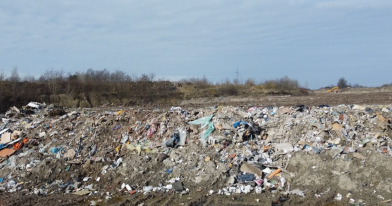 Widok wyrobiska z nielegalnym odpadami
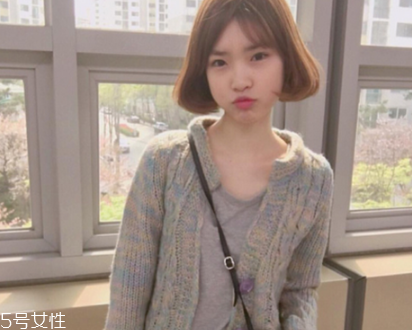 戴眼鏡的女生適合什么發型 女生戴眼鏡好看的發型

* * *

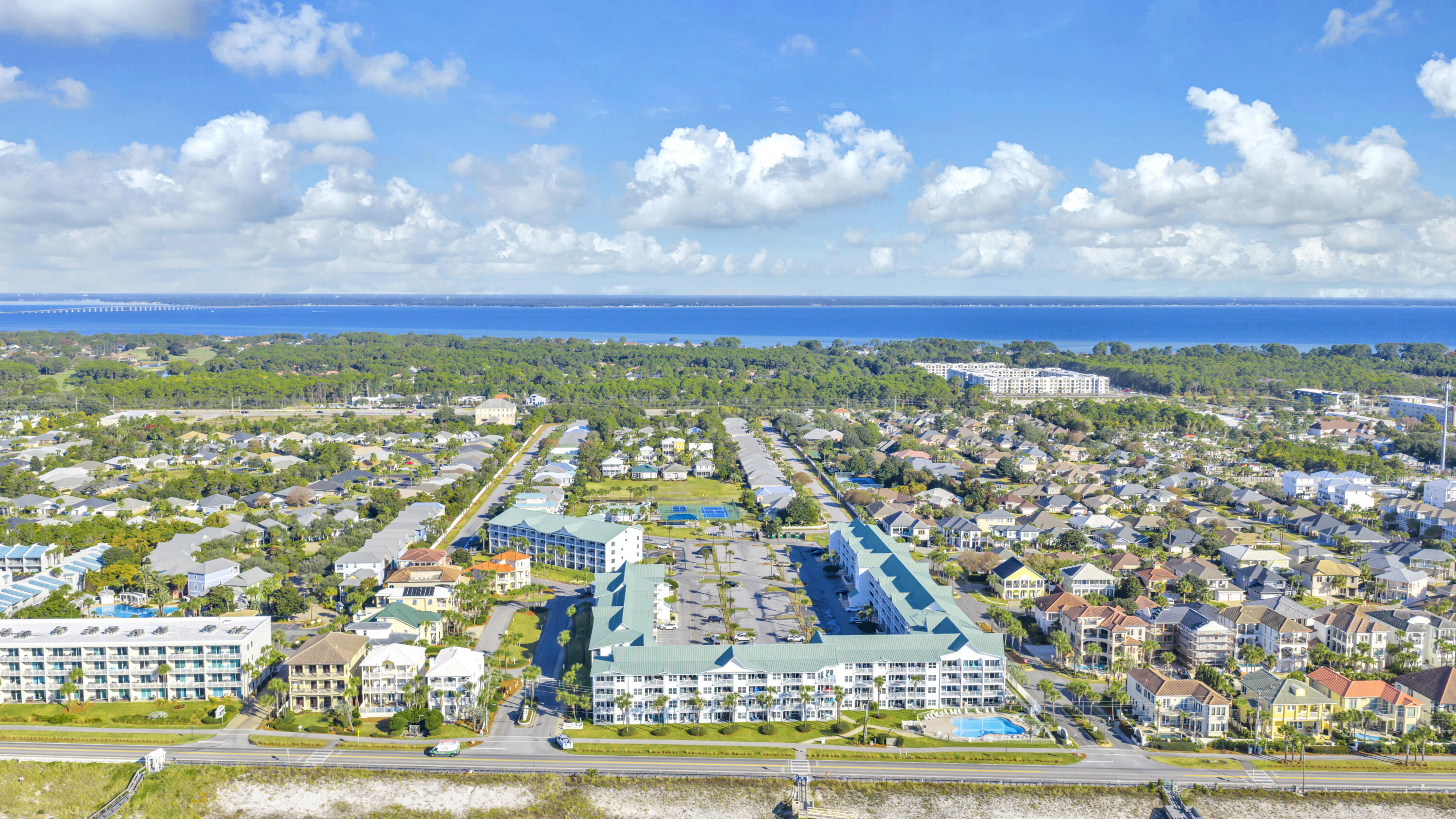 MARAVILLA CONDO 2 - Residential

### Work instruction
Start at the line above containing "Widok wyrobiska z nielegalnym odpadami" and stop at the line containing "戴眼鏡的女生適合什么發型 女生戴眼鏡好看的發型": print those lines and everything between them exactly, but not the pictures.

### Answer space
 Widok wyrobiska z nielegalnym odpadami
 戴眼鏡的女生適合什么發型 女生戴眼鏡好看的發型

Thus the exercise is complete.